Manche exotischen Früchte werden mit dem Flugzeug nach Deutschland gebracht - hier könnte es unter Umständen bald einen Lieferengpass geben.

(Foto: Foto: ddp)

Die Flugbranche ist jedoch nur ein Bereich, in dem die Auswirkungen zu spüren sind. Quer durch die Republik sind die Unternehmen betroffen. BMW etwa kann derzeit wichtige Komponenten wie Getriebe nicht in die USA liefern. Im Moment sei das noch kein Problem. Sollte der Flugstopp noch einige Tage weitergehen, könne die Situation kritisch werden, sagte ein Sprecher. "Im schlimmsten Fall droht ein Bandstillstand." Auch die Maschinenbauer jammern. Es stelle sich die Frage, wie künftig die Kunden in Übersee mit wichtigen Ersatzteilen und Serviceleistungen versorgt werden könnten, sagte der Chefvolkswirt des Maschinenbauverbandes VDMA, Ralph Wiechers. Engpässe seien nicht auszuschließen, wenn Servicetechniker nicht reisen könnten wie gewohnt.

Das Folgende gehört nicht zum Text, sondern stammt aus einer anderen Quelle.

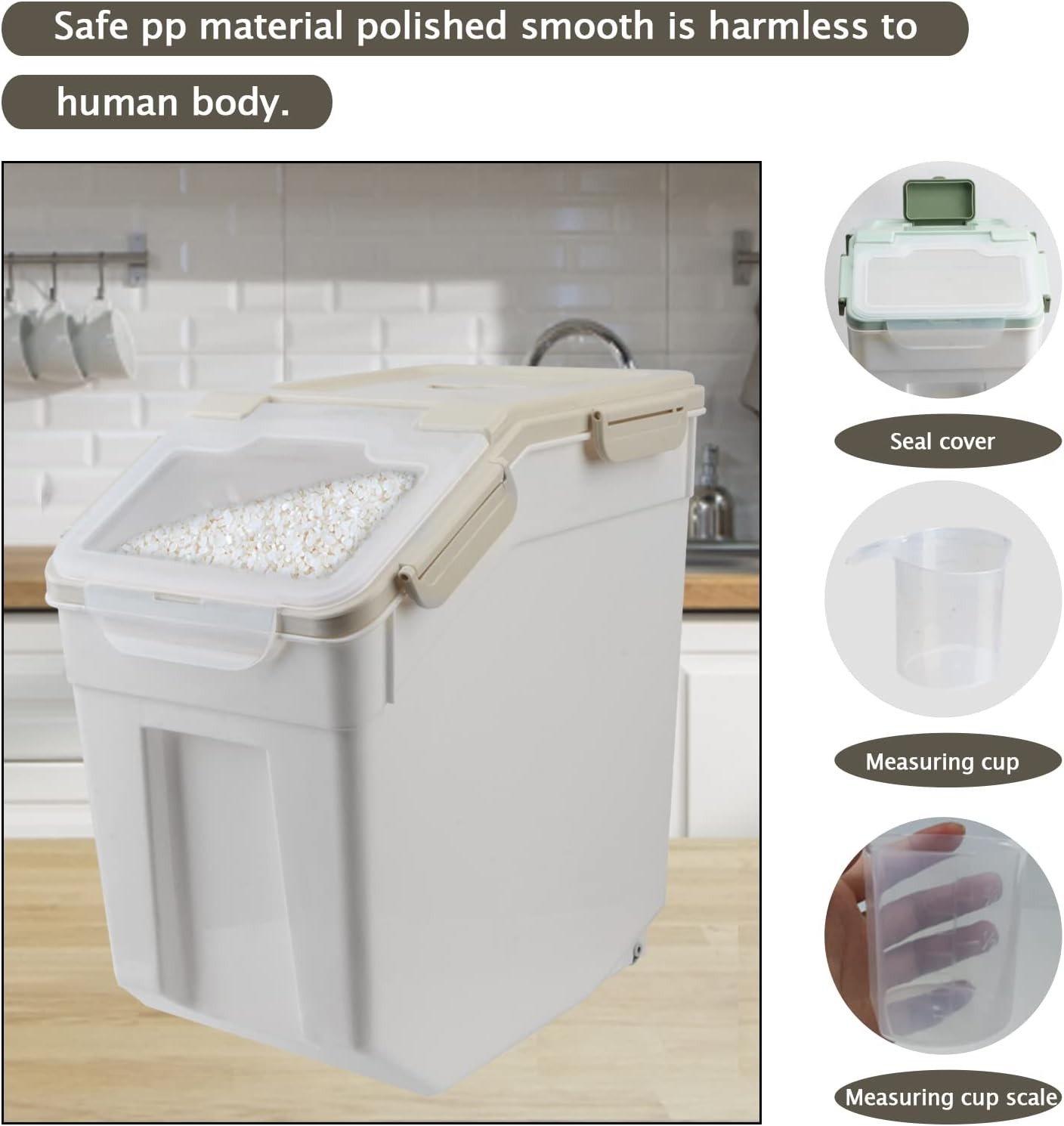 2 Pack Rice Storage Container 25 lbs Airtight Flour Storage Containers W/ Lid &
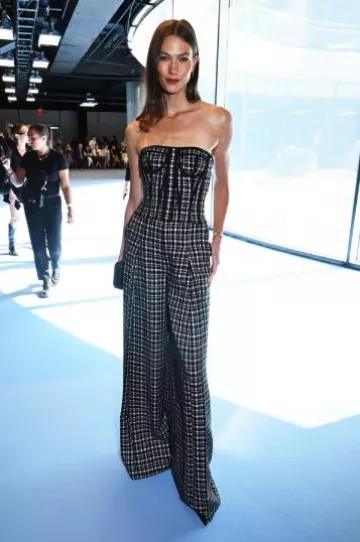Carolina Herrera Plaid Bustier Top worn by Karlie Kloss at Carolina Herrera Show on September 9, 2024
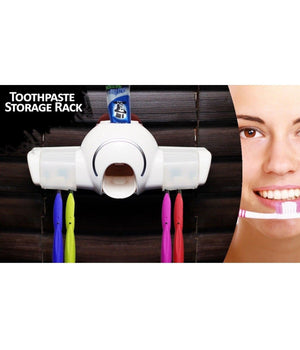 Trade Shop - Dispenser Automatico Dentifricio Porta Spazzolino A Parete Bagno Casa Linq Jx600 -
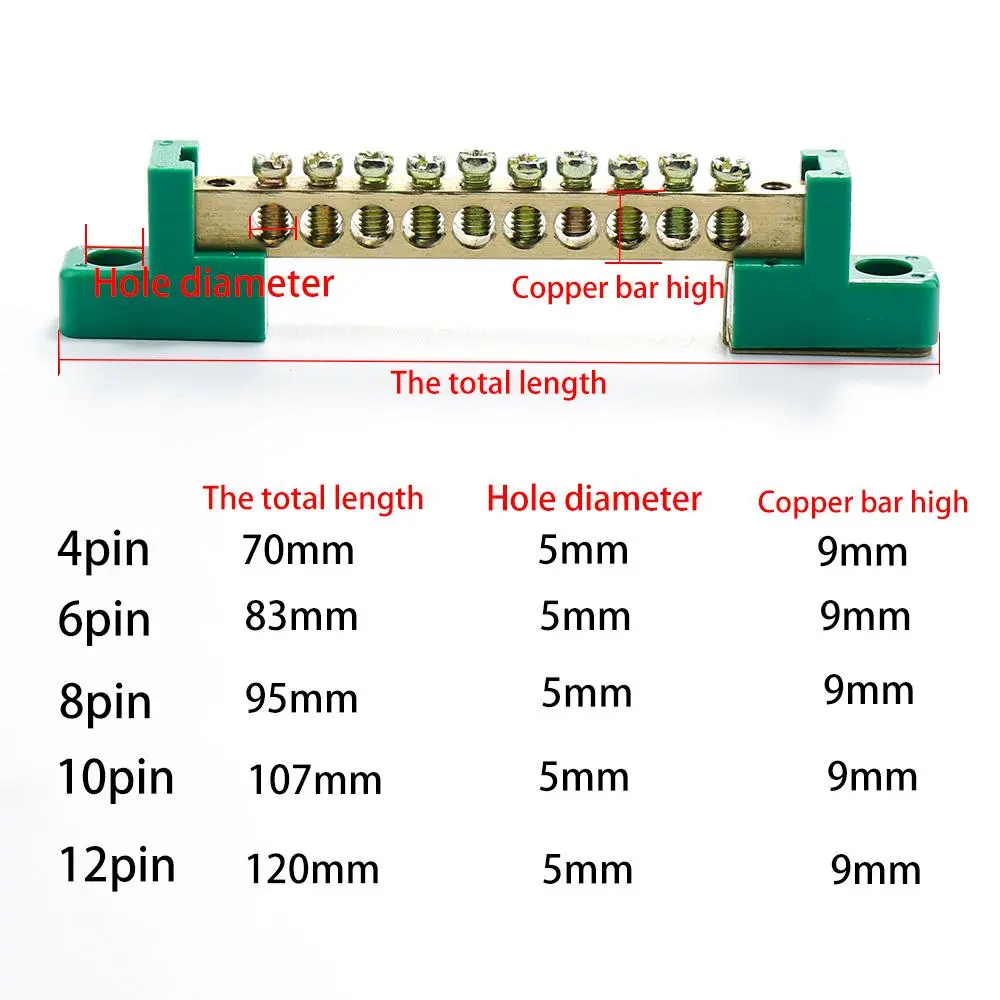 Copper  Flame Retardant Distribution Box Connection Screw Terminal Block Bar Wiring Row Zero Ground Brass Strip Protection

Sorgen könnte der Flugstopp auch der Deutschen Telekom bereiten. Denn Geräte wie das iPhone werden von den Herstellern von den Produktionsstandorten per Luft nach Europa gebracht. Sollte sich die Situation an den Flughäfen nicht ändern, könne es durchaus sein, dass Engpässe auftreten, sagte ein Sprecher der Telekom zu sueddeutsche.de.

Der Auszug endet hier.